Anaphylactic Shock: Progression from Bad to Worse

  1. Definition:
    • Anaphylaxis: Severe, life-threatening systemic hypersensitivity reaction.
  2. Mechanism:
    • Triggered by an allergen (e.g., peanuts) in sensitized individuals.
    • Allergen exposure leads to massive histamine release from mast cells with pre-existing IgE.
  3. Pathophysiology:
    • Systemic vasodilation and increased capillary permeability.
    • Results in hypotension (low blood pressure) and poor blood flow.
    • Brain is sensitive to low oxygen, leading to symptoms like fainting, confusion, irritability.
  4. Symptoms:
    • Gastrointestinal: Nausea, vomiting, diarrhea.
    • Neurological: Weakness, anxiety, dizziness, confusion, fainting.
    • Skin: Itching, hives, contact dermatitis (in localized reactions).
    • Respiratory: Bronchoconstriction, mucus production, dyspnea (shortness of breath), coughing.
    • Cardiovascular: Weak, rapid pulse due to vasodilation and low blood pressure.
  5. Complications:
    • Hypoxia: Poor gas exchange due to bronchiole constriction and mucus.
    • Acidosis: Increased lactic acid production due to anaerobic respiration.
    • Potentially fatal if untreated.
  6. Common Allergens:
    • Latex, insect stings, nuts, shellfish, penicillin, various drugs.
  7. Immediate Treatment:
    • Epinephrine (EpiPen): Causes bronchodilation and vasoconstriction to counteract histamine effects.
    • Emergency response: Call 911, administer CPR if necessary.
    • Positioning: Ensure the person is positioned for optimal breathing.

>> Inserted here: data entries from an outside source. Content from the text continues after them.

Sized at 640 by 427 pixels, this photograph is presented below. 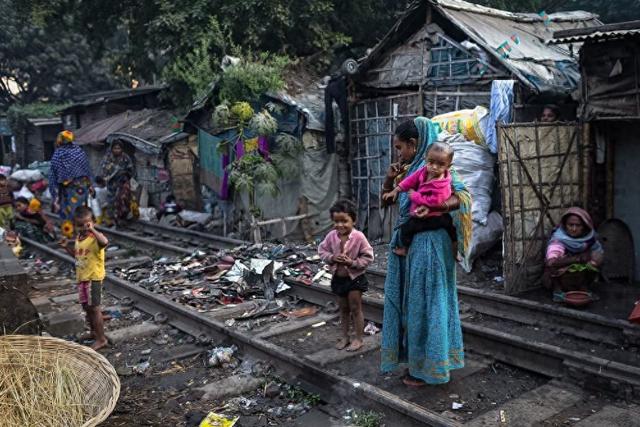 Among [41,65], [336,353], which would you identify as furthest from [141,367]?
[41,65]

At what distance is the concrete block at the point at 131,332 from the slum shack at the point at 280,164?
504cm

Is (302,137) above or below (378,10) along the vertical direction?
below

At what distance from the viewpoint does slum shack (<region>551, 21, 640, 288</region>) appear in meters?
8.19

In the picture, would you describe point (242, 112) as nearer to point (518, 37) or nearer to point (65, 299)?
point (65, 299)

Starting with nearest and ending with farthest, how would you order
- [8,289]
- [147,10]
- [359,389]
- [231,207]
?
[359,389] < [8,289] < [231,207] < [147,10]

  8. Additional Treatments:
    • Glucocorticoids: Reduce inflammation.
    • Antihistamines: Block histamine receptors.
    • Supplemental oxygen: Provided by ER or paramedics to stabilize oxygen levels.

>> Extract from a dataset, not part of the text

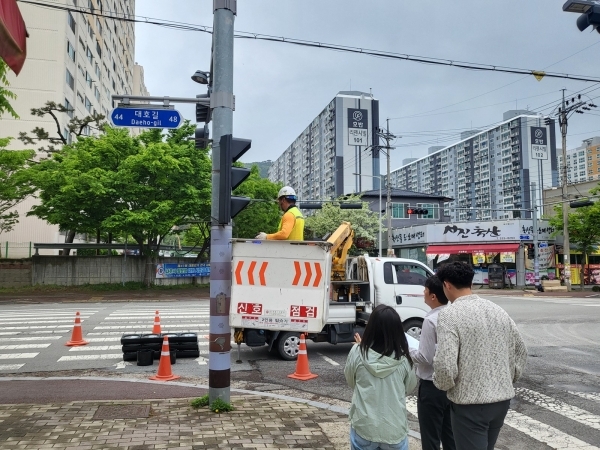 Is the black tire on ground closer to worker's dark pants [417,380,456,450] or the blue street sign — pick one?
the blue street sign

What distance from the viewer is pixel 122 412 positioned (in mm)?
6113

  9. Identification and Avoidance:
    • Identify allergens through skin tests, food diaries, blood tests for specific IgE.

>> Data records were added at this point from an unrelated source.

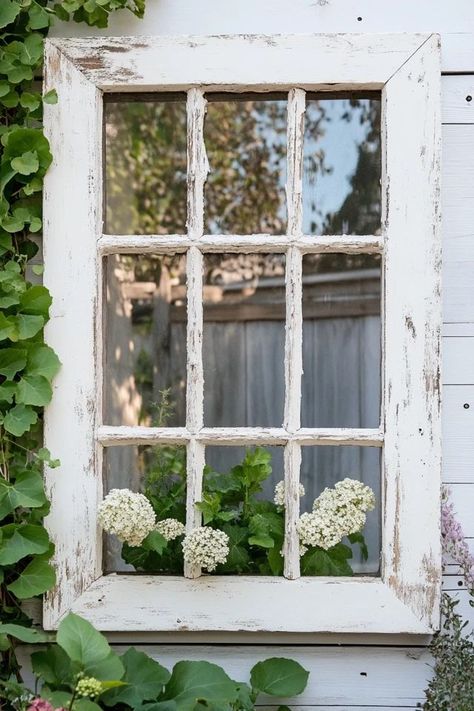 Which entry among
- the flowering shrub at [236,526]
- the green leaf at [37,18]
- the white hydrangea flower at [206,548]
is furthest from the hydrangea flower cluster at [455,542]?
the green leaf at [37,18]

    • Avoid known allergens to prevent reactions.
    • Carry and know how to use an EpiPen.
    • Wear a MedicAlert bracelet.
  10. Long-term Management:
    • Allergy shots: Gradual desensitization to allergens.
    • New treatments: FDA-approved peanut allergy pills and patches.
    • Preventative measures: Remove allergens from the environment, use over-the-counter treatments for minor allergies.
  11. Key Points:
    • Anaphylactic shock is distinct from common allergic reactions and respiratory infections.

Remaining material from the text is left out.